As many computer- and video-game players have long known, the insanely addictive, immensely popular game of Tetris is tough. You can’t really win; you merely try your best to improve upon previous results.
The game was invented in 1985 by mathematician Alexey Pajitnov, then a computer engineer at the Academy of Science’s Computer Center in Moscow. The game board is a rectangular grid of squares, initially occupied by a given configuration of filled squares. The player is given, one by one, a sequence of what are called p tetrominoes. A tetromino is a set of four squares (or blocks) arranged into a larger square, a “T,” an “L,” or some other configuration. Each piece starts in the middle of the top row of the game board and falls downward at a constant speed. As it falls, the player can rotate the piece or slide it sideways.
Pieces travel downward as far as they can go, then stop, permanently fixed in place. As soon as one piece reaches its resting spot, the next one begins its descent. If, when a piece comes to rest, all the squares in an entire row of the grid are filled, that row is cleared. All higher rows drop down one row. A player loses when a new piece is blocked by filled grid squares and cannot descend at all. The player’s goal is to maximize his or her score, which increases as pieces are placed and rows cleared.

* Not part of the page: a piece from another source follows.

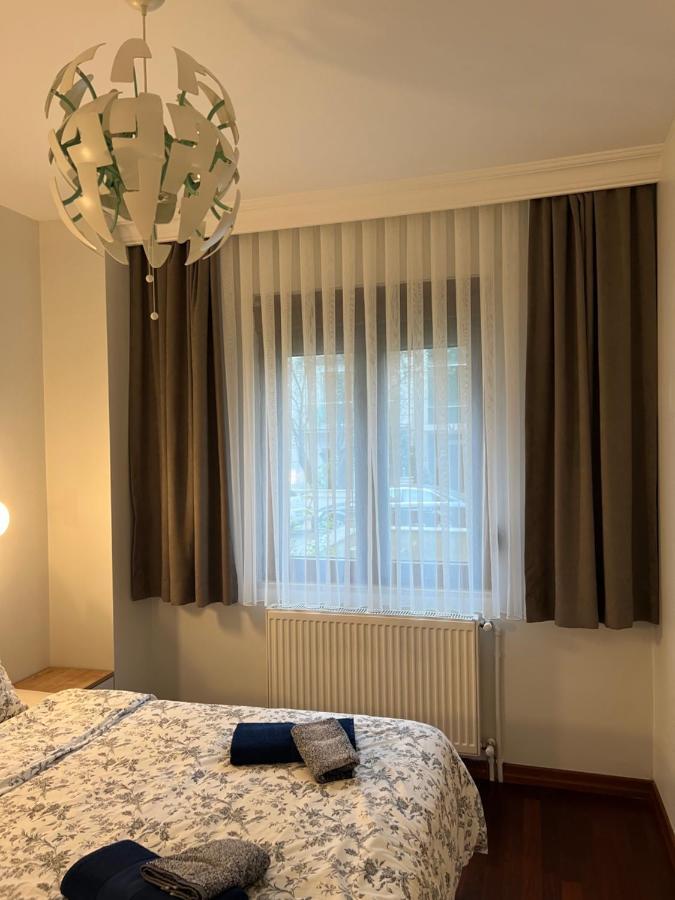 Sweet Erenkoy Apartment Istanbul Bagian luar foto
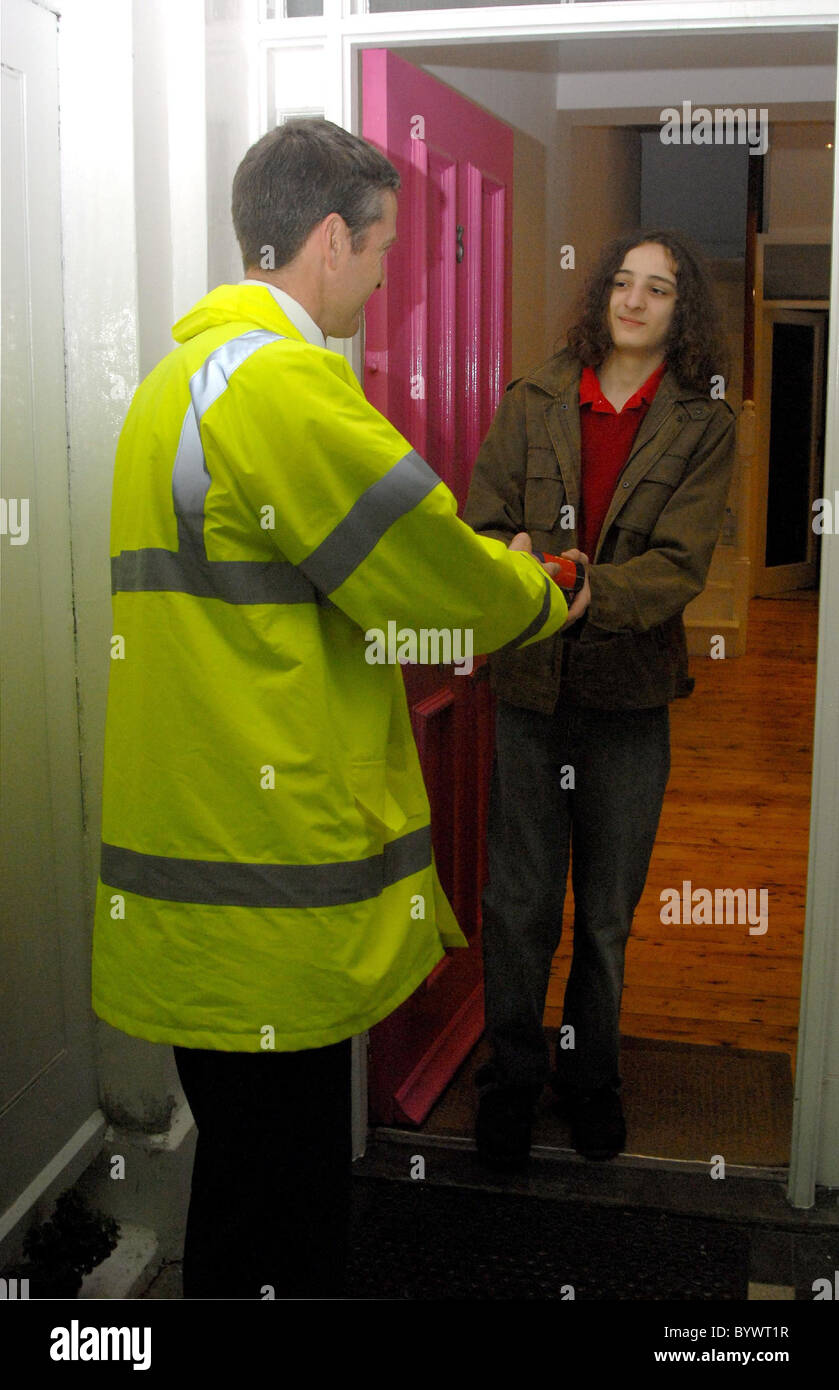 Shortly After Midnight Tesco S Home Delivery Drivers Set Out To Stock Photo Alamy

Now, Erik D. Demaine, Susan Hohenberger, and David Liben-Nowell of the Massachusetts Institute of Technology’s Laboratory for Computer Science have analyzed Tetris from a computational perspective, focusing on the computer resources required to play the game successfully. In effect, they determined the relative running time or amount of memory a computer would require to play the game in its most demanding form.
The researchers initially focused on a version of Tetris in which the player knows the identity and order of all the pieces that will be presented. They also allowed the player an arbitrary number of shifts and rotations before a piece dropped into place.
We studied this version “because its hardness captures much of the difficulty of playing Tetris,” they remarked. “Intuitively, it is only easier to play Tetris with complete knowledge of the future, so the difficulty of playing the offline version suggests the difficulty of playing the online version.”
To get a measure of the computational complexity of Tetris, Demaine and his coworkers considered a generalized version of the game–one in which the game board grid could be any number of squares wide and high.
In this context, the computer scientists discovered that maximizing the number of rows cleared while playing the given sequence of pieces belongs to a category of problems described as NP-complete. An NP problem is one for which it is relatively easy to check whether a given answer is correct, but may require an impossibly long time to solve by any direct procedure. Interestingly, the computer game Minesweeper also belongs to the NP-complete category.
It turns out that other goals of Tetris, such as maximizing the number of pieces placed before a loss occurs or minimizing the height of the highest filled grid square, also belong to the NP-complete category. So, even if you know all the pieces in advance and can take as long as you want for each move, the game is still challenging.
Demaine and his collaborators also looked at other variants of Tetris. They evaluated, for example, the effect of restrictions on rotations, limitations on player agility, and the use of smaller sets of different tetrominoes.
What about the computational complexity of the actual game, where the sequence of pieces is generated randomly and the pieces can fall very quickly? That’s still an open question.